Frankfurt a.M., Addis Abeba (epd). In Äthiopien hat sich die zweite größere Partei von den für Juni geplanten Parlamentswahlen zurückgezogen. Die Oromo-Befreiungsfront (OLF) teilte laut dem britischen Sender BBC vom Dienstag mit, sie werde zu ihrem Bedauern nicht an dem Urnengang teilnehmen. Schuld sei die Partei von Ministerpräsident Abiy Ahmed. Die Inhaftierung einiger OLF-Anführer und die Schließung ihrer Büros habe die Arbeit der Partei unterbrochen. Der demokratische Raum sei verengt.
Die OLF ist eine frühere Rebellengruppe und hat viele Anhänger in der Oromo-Bevölkerung, die die größte Ethnie des Vielvölkerstaats Äthiopien mit insgesamt 110 Millionen Einwohnern stellen. In der vergangenen Woche hatte bereits der Oromo-Föderalisten-Kongress (OFC) unter Jawar Mohammed erklärt, er sei gezwungen worden, sich von den Wahlen am 5. Juni zurückzuziehen. Die Abstimmung gilt als Prüfstein für Abiys Demokratisierungsprozess. Äthiopien war lange faktisch ein Einparteienstaat.
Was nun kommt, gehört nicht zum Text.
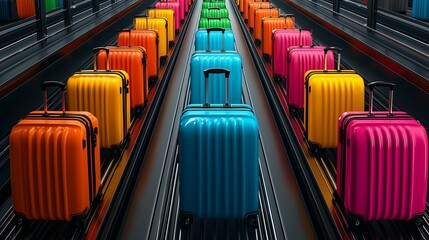 Conveyor belt airport. A vibrant display of colorful luggage arranged in rows, showcasing a variety of bright suitcases on a conveyor-like surface, emphasizing travel and style.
Ministerpräsident Abiy ist selbst Oromo. Mit seinem Amtsantritt 2018 waren Hoffnungen auf eine Öffnung des lange autoritär regierten nordostafrikanischen Landes verbunden. Vieles hat sich erfüllt, aber auf Autonomie-Bestrebungen reagierte er mit harter Hand und der Einschränkung von Grundrechten. So trug der militärische Konflikt in der Region Tigray Abiy viel Kritik ein, nachdem er 2018 auch wegen des Friedensschlusses mit dem Nachbarland Eritrea den Friedensnobelpreis bekommen hatte.